By the time of the 1975 riots, the fissures that had emerged in Iran and led to the initial 1963 15th Khordad uprising had intensified. The Shah’s White Revolution had aimed to rapidly modernize the country’s economy and social norms, but the jarring pace of change imperiled the livelihoods and traditional ways of life for broad swathes of the population, engendering significant reaction. Booming oil revenues had generated substantial wealth for the most educated and well-connected, forming a nouveau riche class of elite businessmen, bankers, and oil brokers who gravitated toward ostentatious, Western lifestyles. The fruits of the oil boom were unevenly distributed, however, and many Iranians were left behind due to poor planning and lack of foresight by the Shah, who boasted of his disdain for the expertise of technocrats.
The influx of petrodollars into Iran, especially after a price spike in 1974, led to a rapid rise in inflation. In stark contrast with the conspicuous consumption of the elite, 60 percent of the Iranian population lived on subsistence wages. They lacked the necessary skills and training to participate in the emerging modernized economy and faced housing shortages and food insecurity. The land reform policies of the White Revolution were an attempt by the Shah to co-opt the peasantry and inoculate them against the lure of communism. The government sold small subdivided tracts of land at affordable prices, but only a small percentage of the peasantry could take advantage of the opportunity. As a result, millions of peasants and agrarian laborers were pushed to the outskirts of large cities, where they became disaffected as they struggled to acclimate to urban life and make ends meet. This underclass of dislocated urban migrants would form a core constituency among Khomeini’s Islamic revolutionaries.

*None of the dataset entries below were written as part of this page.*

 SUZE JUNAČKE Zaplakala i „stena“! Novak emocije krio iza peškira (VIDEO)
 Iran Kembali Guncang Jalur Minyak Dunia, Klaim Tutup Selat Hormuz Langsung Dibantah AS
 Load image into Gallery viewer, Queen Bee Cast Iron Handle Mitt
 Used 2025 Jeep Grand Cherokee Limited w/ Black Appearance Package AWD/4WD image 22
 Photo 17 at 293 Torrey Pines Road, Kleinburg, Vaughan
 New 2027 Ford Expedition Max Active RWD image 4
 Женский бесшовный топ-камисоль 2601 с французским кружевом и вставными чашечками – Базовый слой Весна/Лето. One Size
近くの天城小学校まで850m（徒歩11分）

Meanwhile, banking and commerce reform threatened the economic and political power of the bazaari and merchant class, who operated largely informally and chafed against efforts to impose regulation and central authority. The bazaaris’ shops were historically concentrated in dense alleyways surrounding mosques, seeking to draw in customers from those going to and from the mosques, which served as the focal points of communal life and political organization. The Shah’s attempts to create a centrally planned economy and impose price control measures, which cut into their profits, drove the bazaaris into a tactical alliance with the Shi’a clergy. Both groups tapped into local mosques to recruit and politically mobilize against the Shah.

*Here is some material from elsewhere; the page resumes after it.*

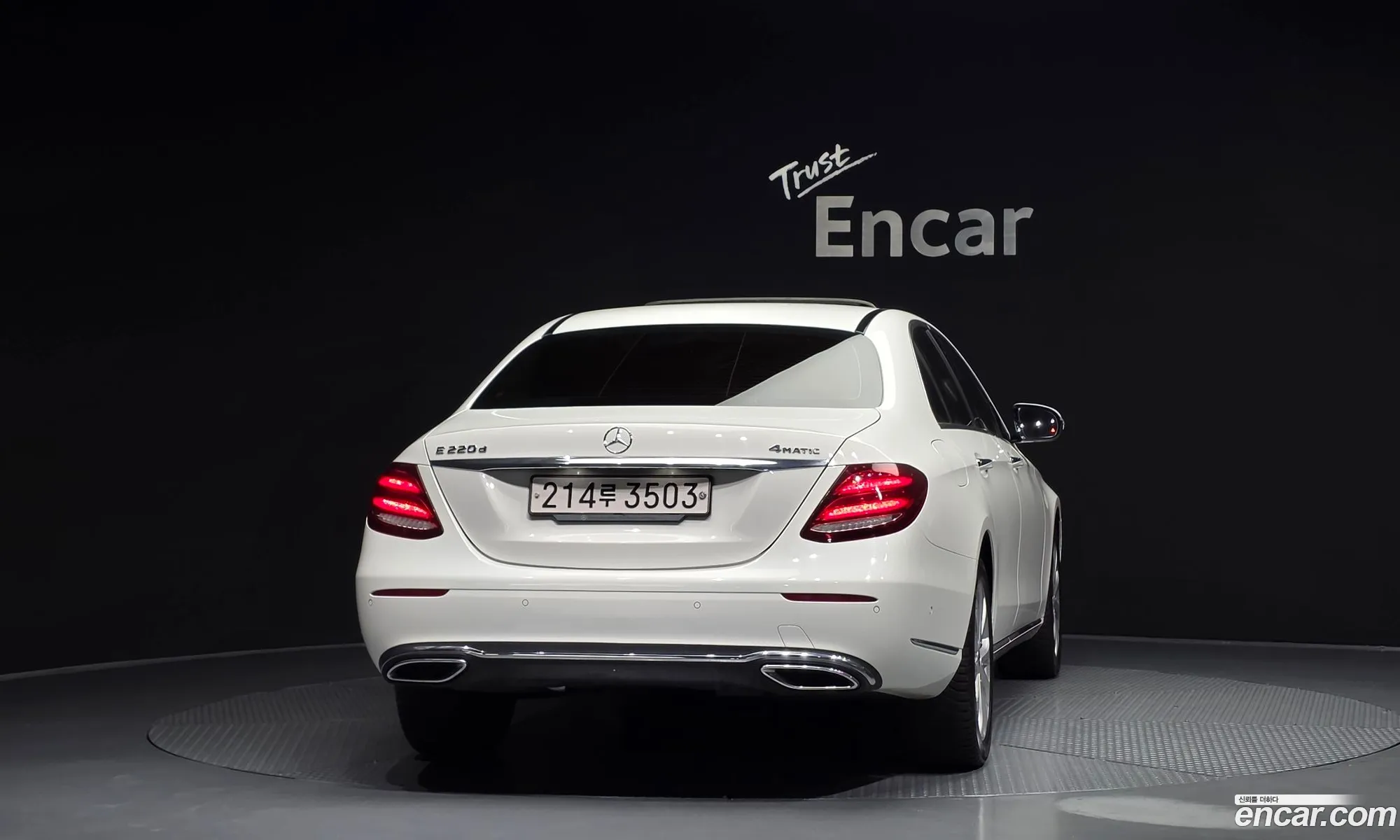Mercedes-Benz E-Class W213 2019 WDDZF0FB8KA615641 — 12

The rapid pace of social and economic change, widening inequality, and erosion of traditional ways of life created conditions ripe for revolution. Khomeini and his revolutionary cohort of Shi’a clergy blamed the Shah’s modernization program and Western-style capitalism more generally for Iran’s systemic corruption, social licentiousness, inequality, and political repression. This critique resonated strongly with marginalized Iranians. Khomeini and his allies pitched a return to Islam and tradition as the antidote to the alienation many felt. This message even appealed to disaffected elites who lacked spiritual fulfillment despite their material wealth. A growing trend toward religiosity had taken root, most visibly witnessed by an increase in veiling by women, increased mosque attendance, and an uptick in religious pilgrimages to Shi’a holy sites, serving as a direct rebuke of the Shah’s modernization agenda.

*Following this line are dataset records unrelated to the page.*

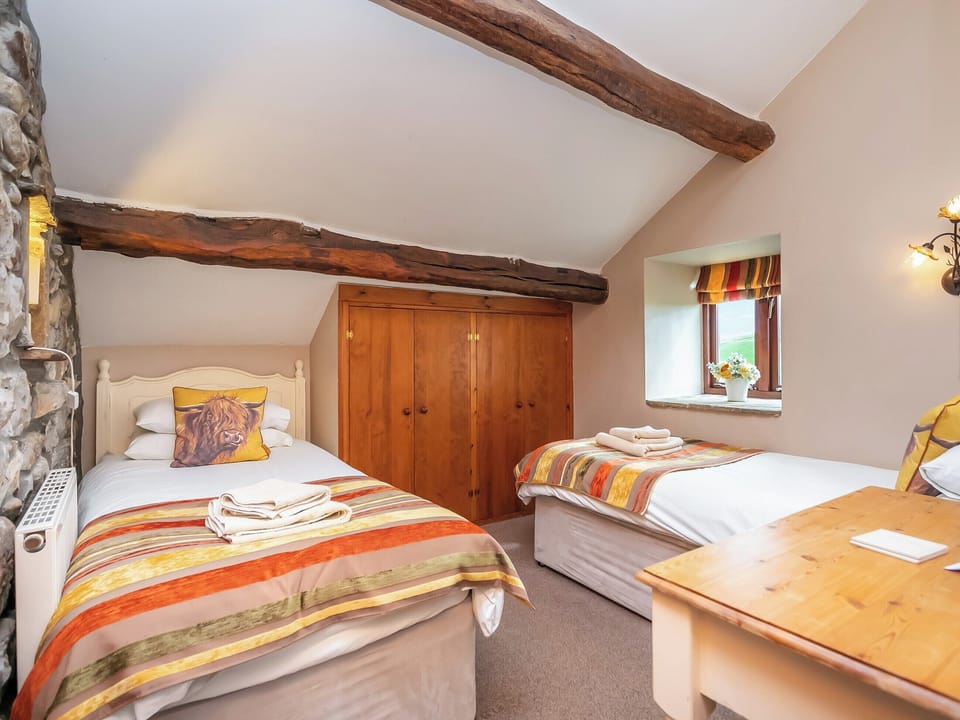 Twin bedroom | Higher Paradise, Horton-in-Craven, near Skipton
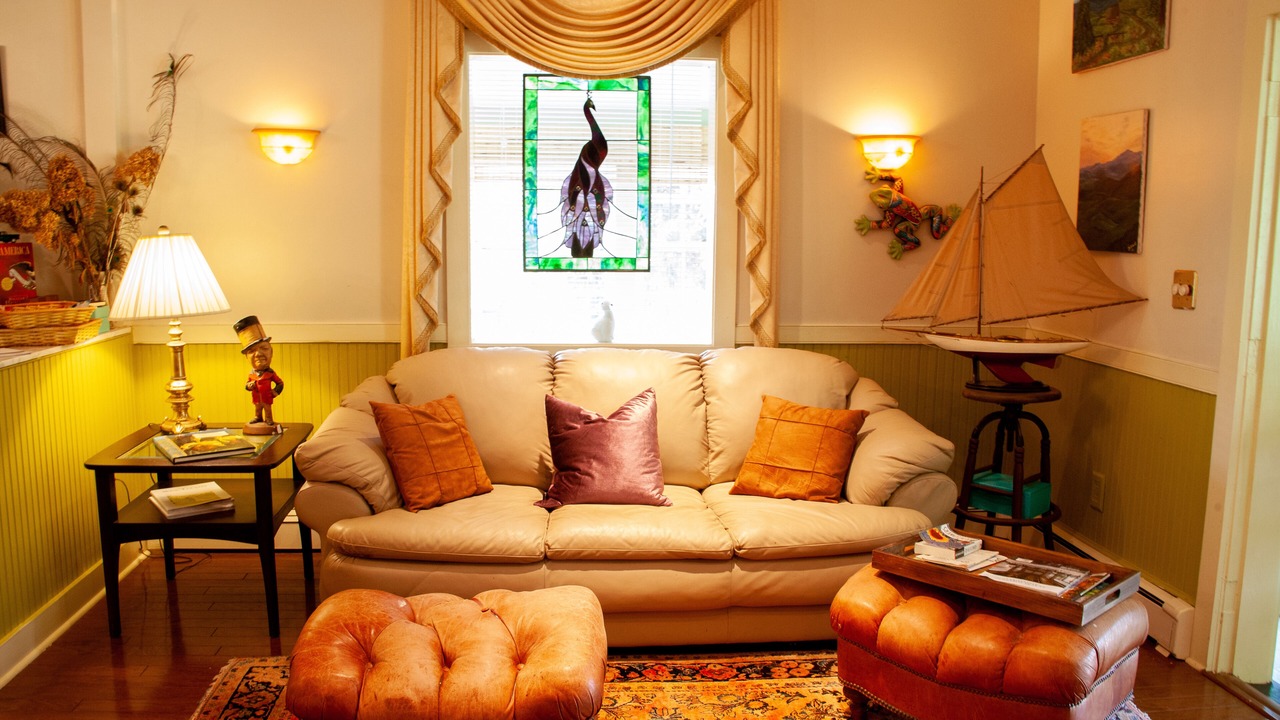 Photo of Livingroom in Cobham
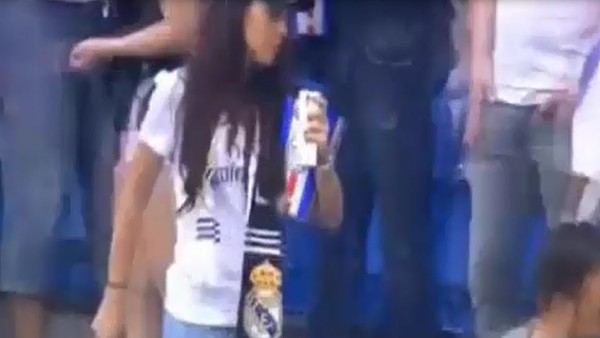 Kameraman tribündeki kadın taraftara odaklandı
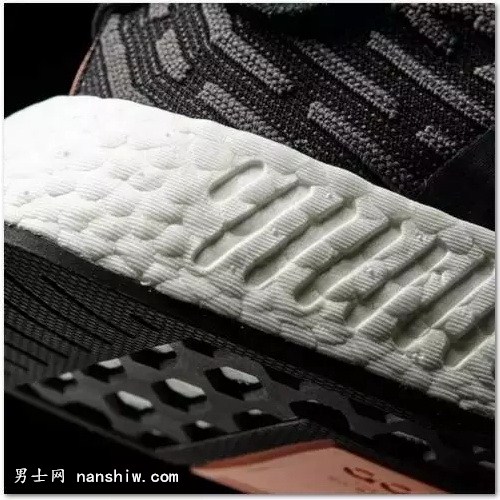 حadidas NMD R2 ٣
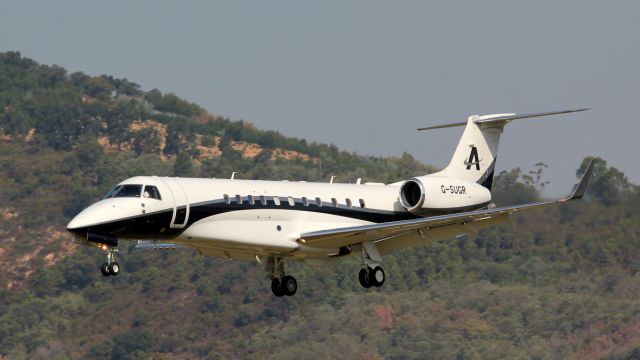 Embraer Legacy 600/650 (G-SUGR)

The 1975 15th Khordad riots were the first major sign that these emerging trends had created fault lines leading to increased violence and unrest against the Shah in the future. The Shah and his inner circle of advisors took the July 1975 riots as a wake-up call, realizing that Khomeini and his backers could not be easily dismissed as irrelevant or backward reactionaries. Having ransacked the Fayziyyah seminary, the seat of revolutionary clerical fervor, the Shah’s authorities shut it down entirely as a show of state power. Following the uprising, the Shah began imploring Saddam Hussein, Iraq’s de facto strongman leader, who had started a campaign of repression against Iraq’s majority Shi’a population out of fears of an uprising, to expel Khomeini from Iraq. The Shah hoped that this action would weaken Khomeini’s growing influence in Iran.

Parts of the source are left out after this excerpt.